Secondly, people don't give rocks credit for having brains. While it is true that the brain to body ratio of a rock lessens as it boulderizes, it actually spends most of its time thinking, sometimes brooding, sometimes dreaming, but its brain is never inactive, and oftentimes, it feels and emotes intensely. Yes, it is hard to observe, but there is a natural resonance to all things, and for those willing to sit on a rock, or lean on it, or even hit it with a hammer, there is a vibratory revelation...a palpable response to other living things. Sensitive people can feel it, even through the hard exterior.

The hardest part of being a rock, after it has become a boulder, is that it barely can move.

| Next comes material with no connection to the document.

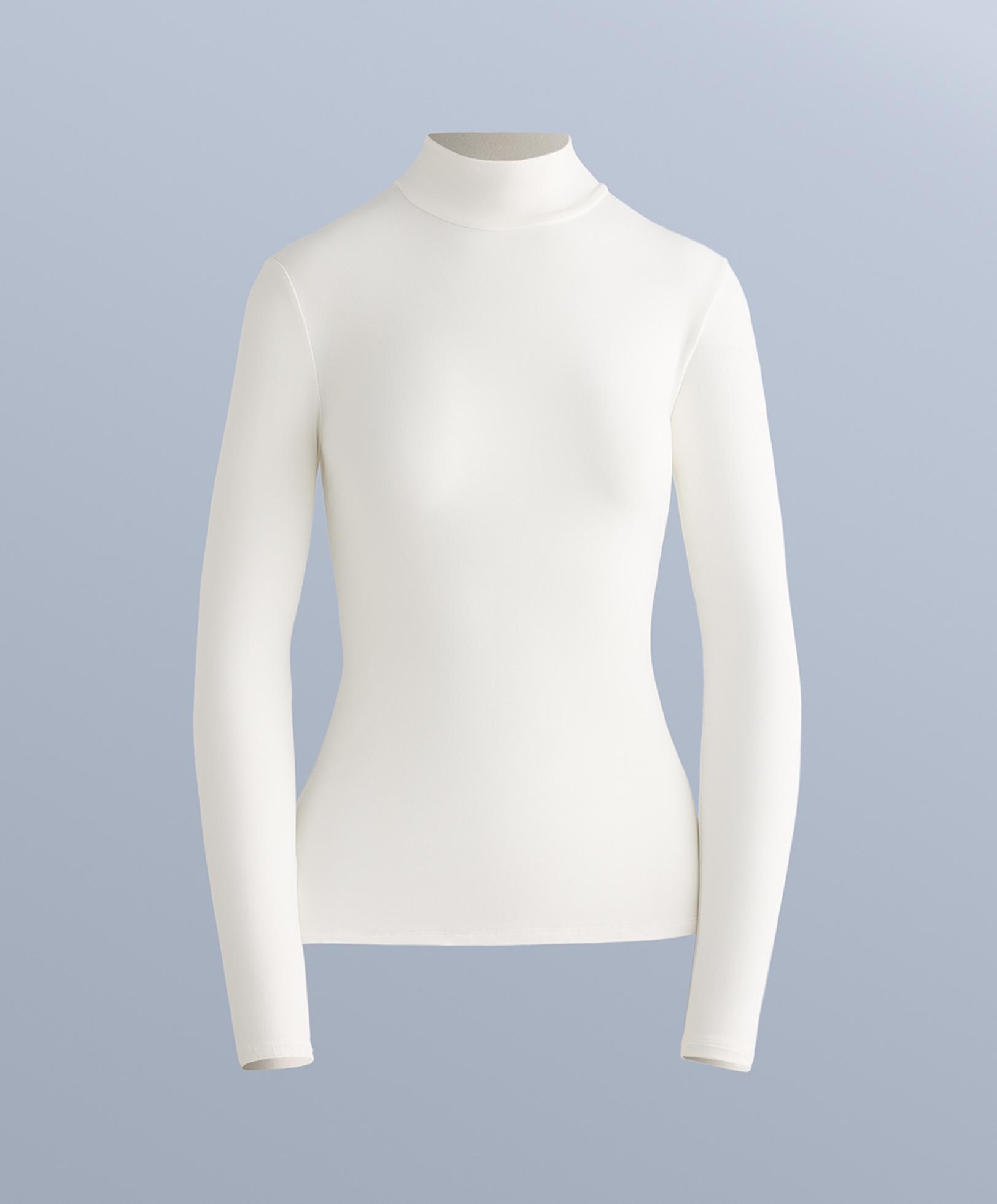 Long sleeve thermal base layer T-shirt — WHITE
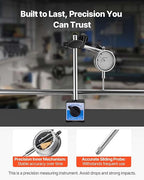 VEVOR Dial Test Indicator, 0.001 inch Accuracy, 0-1 inch Measuring Range, Easy to Read Large Dial, Professional for Internal Diameter Measurement, Runout Detection, Flatness Inspection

The bigger the boulder, the more likely it is to stay in place. The only movement it feels is the movement of depressing further into place. The bigger the boulder, the bigger the depression. Pebbles, on the other hand, move with the moles and the earthworms, and get to feel the warmth of the sun, or the joy of skipping in still water. River rocks roll in the currents, free like teenagers. Larger rocks get woven into communities, footpaths and garden walls, and the more petulant, dislodge unrestrained, and call to be held again. Yes, dear readers, rocks evolve.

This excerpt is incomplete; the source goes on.